Concussions still must be addressed

Concussions are more than statistics on games lost and player performance. They are more than media buzz, commentator talking points and a reason to attack the game of hockey. And, ultimately, concussions are more than just a reality of a physical sport.

Often lost in all the analysis of what causes concussions is the result and aftermath of them.

Begrudgingly, commissioner Gary Bettman admitted during last month’s All-Star weekend that concussion rates are going up in the NHL. He was quick to highlight that they are increasingly the result of incidental contact. So long as no one purposefully goes out headhunting, we’re fine!

These injured players are people with families and friends just like anyone else. That reality hit home for me when listening to Boston Bruins forward Marc Savard as he announced the end of his 2010-11 season. His description of memory loss, headaches and general uncertainty about his health was disturbing to hear. There was definite concern and fear in the voices of all involved during that press conference.

Let’s remember that a concussion is a brain injury. In my book, any injury involving the brain is the most worrisome type of injury a person can sustain in sport, or life in general. While other injuries can be just as serious — see Kurtis Foster’s 2008 broken leg for example — concussions are the most prevalent of the serious and life-altering injuries in hockey.

The increased level of discussion on concussions by players, media and fans is important and encouraging. The unfortunate aspect is that it results from players being concussed. Savard’s first concussion last March was a major factor in instituting Rule 48 addressing head shots. Sidney Crosby’s concussion, and now Savard’s second in less than a year, have sparked the "Is Rule 48 enough?" debate. Always reactionary.

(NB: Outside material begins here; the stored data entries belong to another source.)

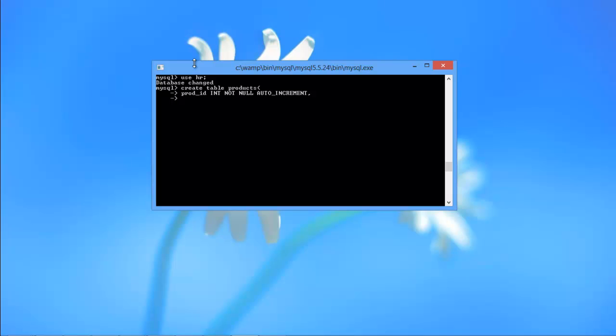After that, let's add a column for the product name. Let's define its data type as varchar and set its maximum length as 50.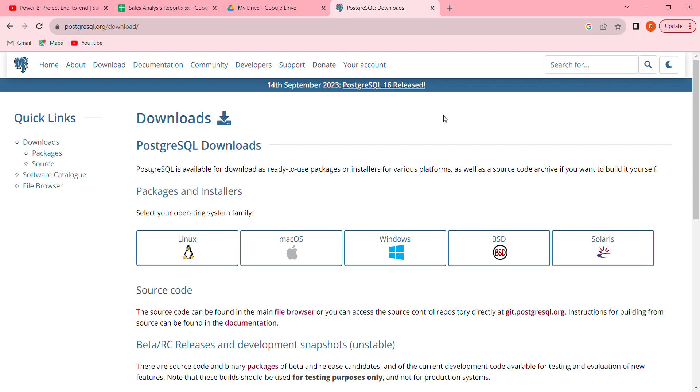So this course is full stack for data analysts and also for data engineers. If you want to become a data engineer, SQL language is for you to learn. And if you want to also become a data analyst, we are going to analyze in Power BI, artificial intelligence, and we're using Excel files.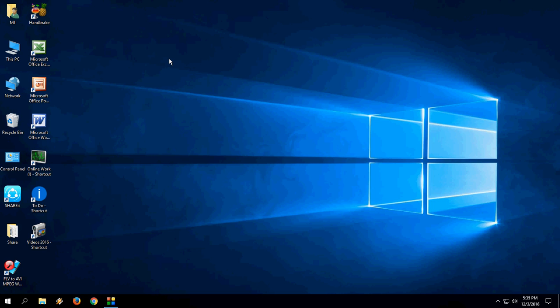Hey guys, welcome back again. I am MJ. In this video, I will show you how to fix the taskbar not hiding when you are in full screen mode. For example, when you are watching a movie in full screen, this taskbar is not hiding.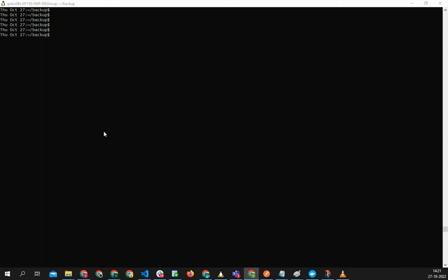All right guys, welcome. So this video is all about crontab. When I wanted to do the crontab, I wasn't able to - the crontab was not working for me in WSL.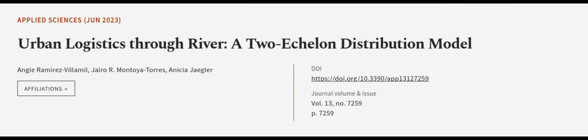This article was authored by Angie Ramirez Villamil, Jairo Armantoya-Torres, and Anisha Jagler.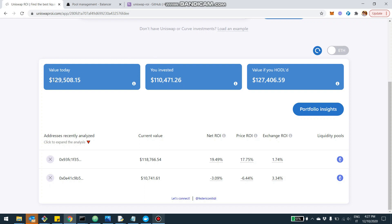Now the value today is $129,000. And the value, if the user kept the asset outside of Balancer, would be $127,000. So from here, you can see first, if you made money at all overall, and then if you made money because of Balancer specifically.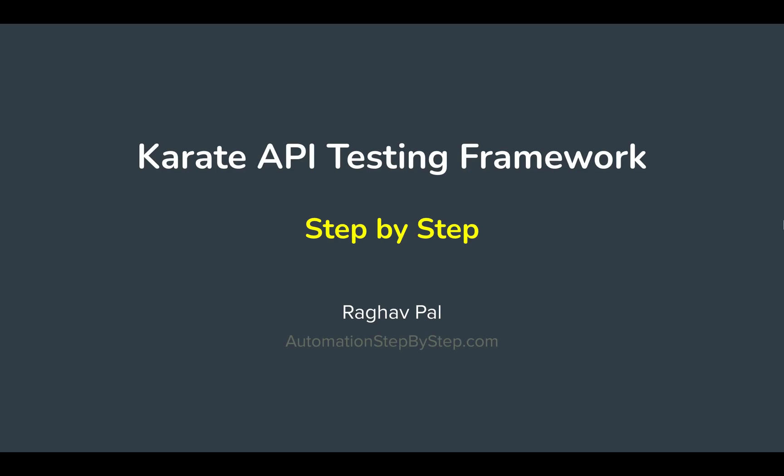Hello and welcome, I'm Raghav from Automation Step by Step. Today we're going to learn how to run a PUT API request using Karate framework.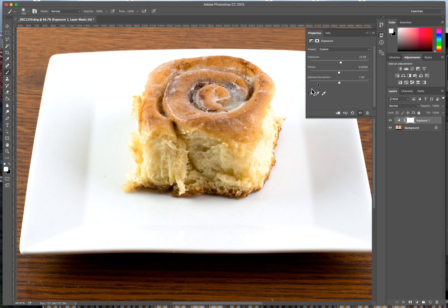We're moving the slider so that the portion here in front that was in shadow has the correct exposure, and then we're going to mask out the rest, and I'm going to show you how we do that.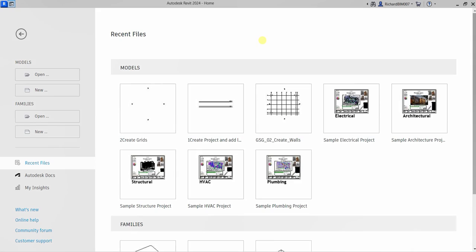What's up guys, Learning with Rich here. In this video we're going to continue our Revit 2024 for Architecture series. This time I'm going to show you how to create grids.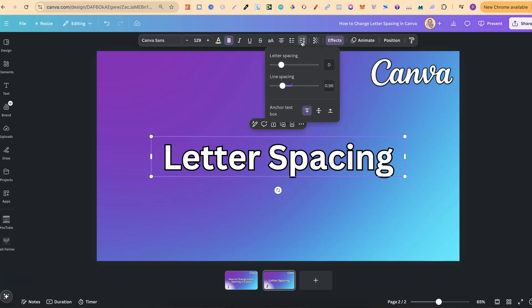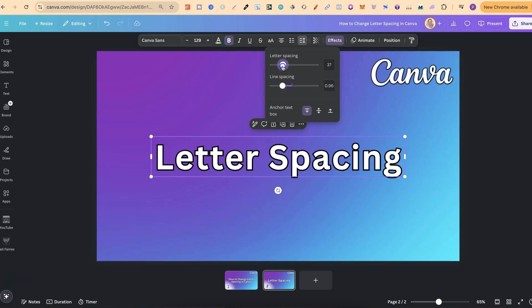If we click on there, we have two different options: we can play around with the letter spacing or the line spacing. Since this video is all about letter spacing, let's play around with this.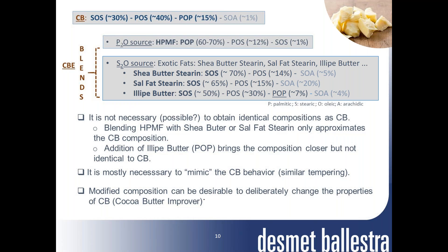It is not necessary — nor even possible — to obtain an identical composition to cacao butter. For example, a shea butter sterin only approximates the cacao butter composition. Addition of illipe butter, which contains POP, brings the composition closer but not identical to cacao butter. It is mostly necessary to mimic cacao butter behavior and have a similar tempering. A modified composition can be desirable to deliberately change the properties of cacao butter, and in this case the cacao butter equivalent becomes an improver.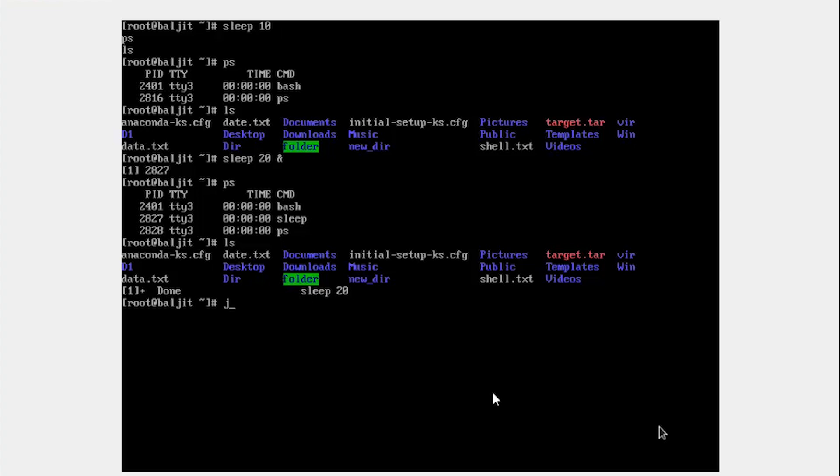One more command, you can use jobs. So I think the sleep command is over. Yes. So I saw this output, done. This means the sleep process is over.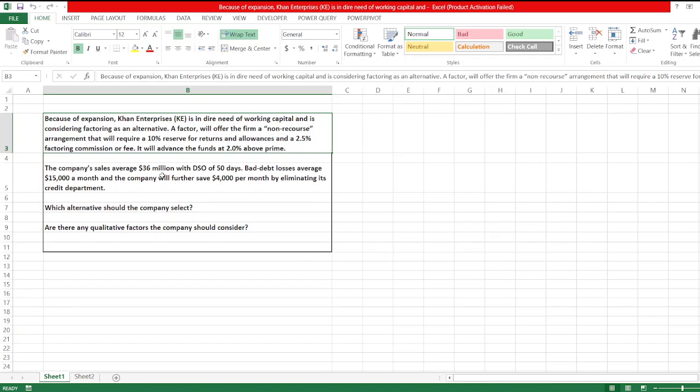That will require a 10 percent reserve for returns and allowances and a 2.5 percent factoring commission or fee. It will advance the funds at 2.0 percent above prime. The company's sales average 36 million dollars with DSO of 50 days. Bad debt losses average $15,000 a month.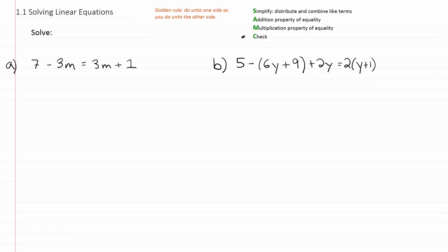Lastly, we're going to want to check our answer. Once we have a solution, we should be able to plug it back into the equation and confirm it's correct. Sometimes checking will be optional, but there will be times when you actually have to check. There are some procedures that sometimes introduce erroneous solutions, and those would have to be eliminated by the checking process.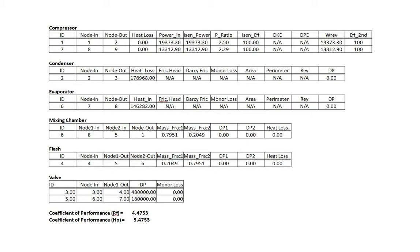At the bottom, you can see that the COP, or coefficients of performance, is automatically calculated by the software. It recognizes this is a refrigeration system, so it calculates COP. And you can see for a refrigerator, which we are interested in, is 4.4753. And if this same problem was solved as a heat pump, the COP would be 5.4753. So this completes this exercise. Thanks for your attention.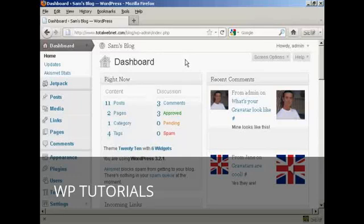One thing that a lot of people find annoying about WordPress blogs is that people can make spammy comments. They can put a comment with a link to another website, thinking that's going to get them good search engine rankings. In fact, there are even some software programs available which will go into WordPress and place comments in blogs automatically.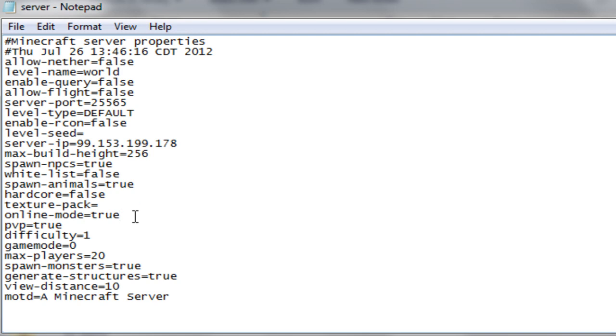Alright, online mode. Mine said true because I bought Minecraft, so I have the premium version of Minecraft. I didn't pirate it or whatever. So if you had the correct version, put that as false or you won't be able to log on. It'll say bad log on. And I'm just going to keep it as true.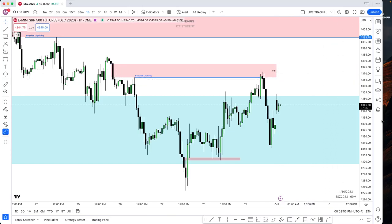Alam mo naman ang ibig sabihin siguro ng CB. So, this is just an advanced CB technical analysis, or BC technical analysis. Alam mo ang ibig sabihin ng CB, di ba? Cell side imbalance and buy side inefficiency. And alam mo din ang ibig sabihin ng BC — buy side imbalance and cell side inefficiency.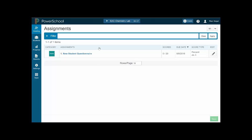Hi, this is Mark Siegel and in this podcast I'm going to go over how to set up your marking period so that the category weights or total points or whatever you're going to use calculates the final grade for the marking period properly for your students.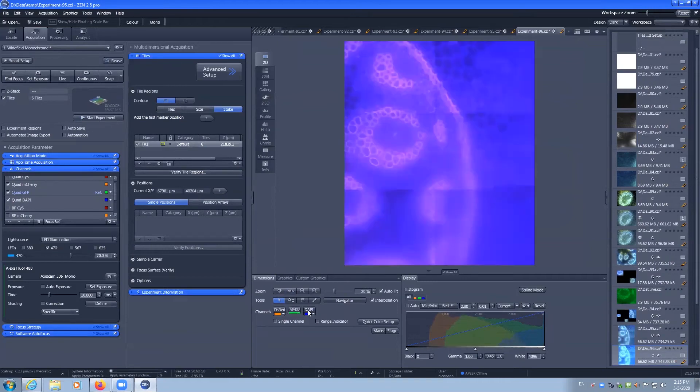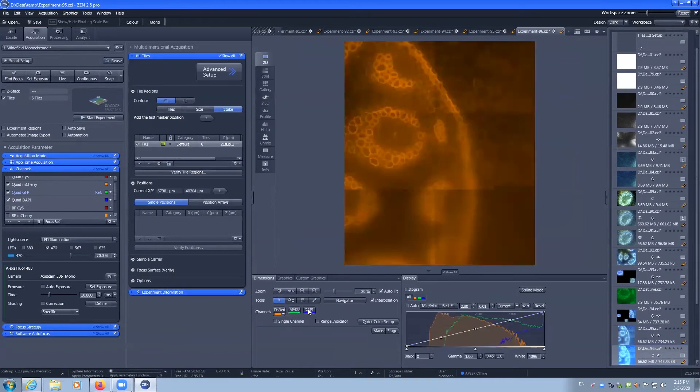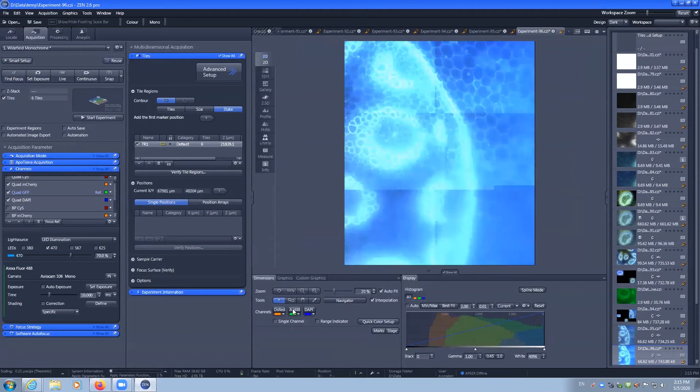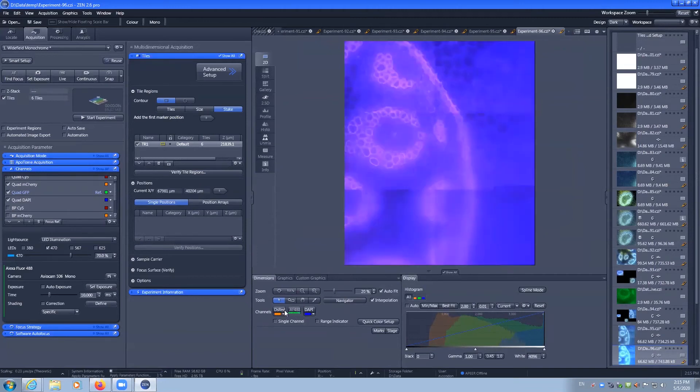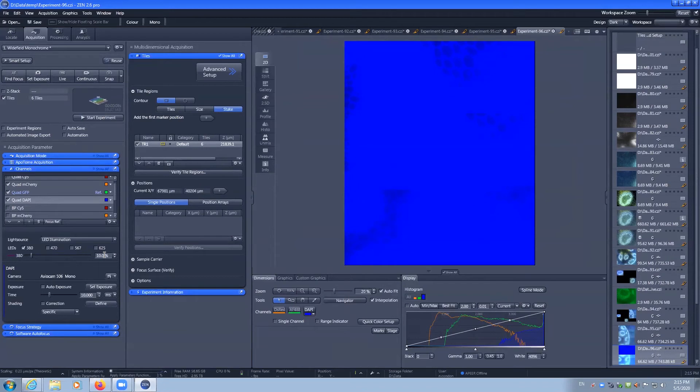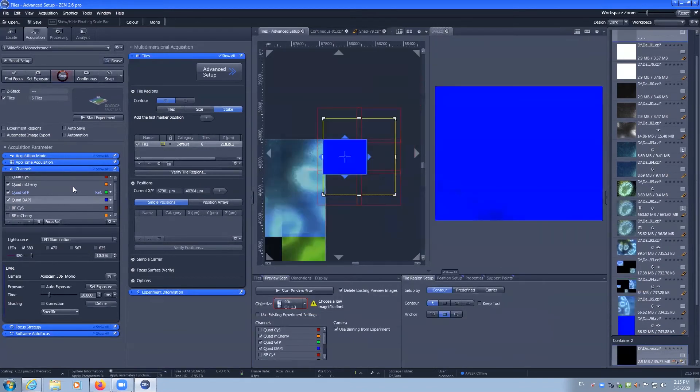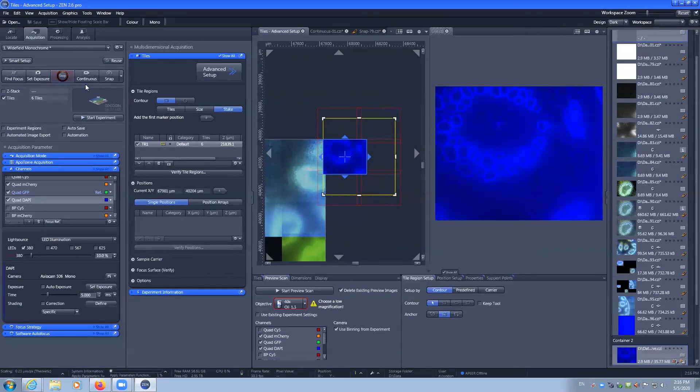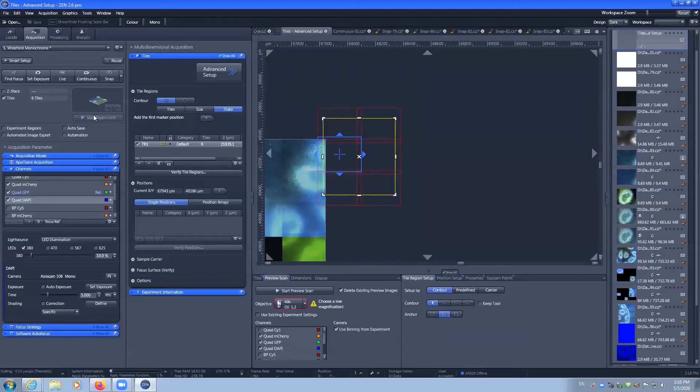I can also then have a look at my individual channels. I can toggle them on and off as needed. You can see that the DAPI is saturating. Perhaps we need to lower our settings for DAPI. Recapture that.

There is always a need for "more discussion" and "more study" when NHL management comments on the concussion issue. Few people, especially those within the professional hockey world, are willing to take a proactive stand.

Admittedly, some concussions are fluky. A player can fall awkwardly after a completely clean hit or take a puck off the head. Those are unavoidable aspects of hockey — to use the cliché reasoning. However, there are certain aspects of the game that have bad idea written all over them. Whether that be leading with the elbows or going full speed into a check from behind. Those are disrespectful and dirty plays no matter how you spin it.

An automatic suspension for any hit directed at the head is an important piece of proactively addressing concussions. Injury or not, players should know they will sit out three games when they endanger another player’s health. If an injury does occur, or the intent is obviously malicious, that number of games should go up accordingly. Repeat offenders should also expect a larger suspension. If respect for each other isn’t going to come naturally, then it needs to be taught.

During Savard’s Feb. 7 press conference, Bruins GM Peter Chiarelli spoke about the need to look at ideas such as softening equipment. There is little doubt those innovations, and the introduction of new rules such as automatic suspensions, will improve player safety on all fronts.

For the hockey purists out there, all I can say is that over the history of the game numerous new rules, both large and small, have been introduced and labeled as threats to the game. Goalie masks and mandatory helmets are two perfect examples of rules that improved safety, but also caused uproar. And yet those are integral parts of how hockey is now played. The opposition to those changes is seen as ridiculous in hindsight because safety should always be the trump card.

Looking at hockey through the rear-view mirror is a dangerous approach. The age old “it’s always been done that way” argument is a cop out of seismic proportions. Hockey is a business in the entertainment industry. Like any business, it needs to operate with a clear focus on the future. Respecting the past is important, but basing decisions on the status quo leads to nothing but stagnation.

In hockey, it can lead to situations where your most marketable asset (Crosby) describes his concussion situation as “really scary” and says missing the remainder of the season “could happen.” What good does that do for the game?

If player safety isn’t a good enough reason for change then maybe someone needs to start looking at how concussions are impacting the finances and image of individual clubs and the league as a whole. Unfortunately, that may be the more effective argument.

If the NHL continues approaching concussions reactively rather than proactively, it will take a serious life changing injury or death as the result of a hit to the head to spark true action. I’d much rather see players go through an adjustment period to learn new rules than see a player in a casket.

Hockey is much more than a game. For the players, hockey is a career and means of supporting their families. For hockey clubs, the league and media, it’s a business. For fans, it’s a passion. Change is never easy in any of those aspects of life, but that’s no reason to avoid the issue.

Taking a stand against all hits to the head is the only sensible approach when dealing with an issue as crucial as concussions. There has been enough indecision on the issue already. It’s time to pack away the clichés and old-school mindset.

Savard concededly said “it’s a fast game” when asked about concussions and the potential for changes.

I can only hope that for the sake of the players, the NHL finally realizes the speed of the game doesn’t mean safety should be an afterthought.